EXERCISE PROMPT:
Could you return each line of the material that has "Photo" in it?

Top of MATERIAL PROVIDED

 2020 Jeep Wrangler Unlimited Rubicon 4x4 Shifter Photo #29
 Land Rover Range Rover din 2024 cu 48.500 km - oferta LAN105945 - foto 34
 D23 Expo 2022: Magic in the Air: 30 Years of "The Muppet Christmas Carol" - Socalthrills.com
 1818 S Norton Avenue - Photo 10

Bottom of MATERIAL PROVIDED
Top of MATERIAL PROVIDED

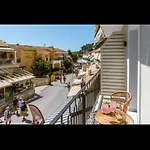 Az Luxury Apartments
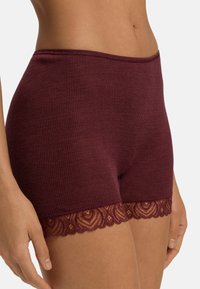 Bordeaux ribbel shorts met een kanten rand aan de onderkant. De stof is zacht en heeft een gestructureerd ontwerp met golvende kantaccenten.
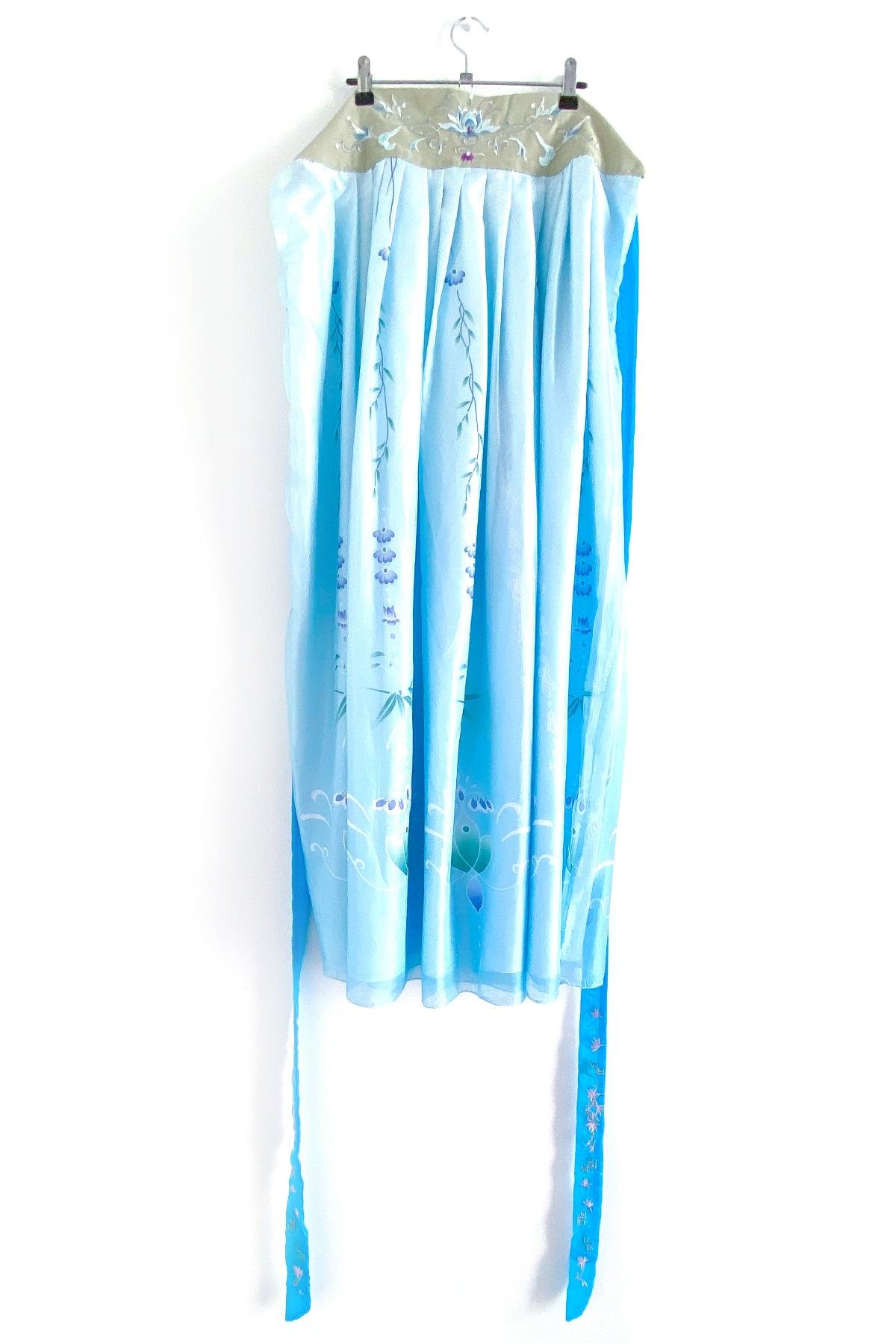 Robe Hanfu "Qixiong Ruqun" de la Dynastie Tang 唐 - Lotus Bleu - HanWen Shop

Bottom of MATERIAL PROVIDED
Top of MATERIAL PROVIDED

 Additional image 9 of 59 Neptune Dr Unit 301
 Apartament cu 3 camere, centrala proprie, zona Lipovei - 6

Bottom of MATERIAL PROVIDED

TASK RESPONSE:
 2020 Jeep Wrangler Unlimited Rubicon 4x4 Shifter Photo #29
 1818 S Norton Avenue - Photo 10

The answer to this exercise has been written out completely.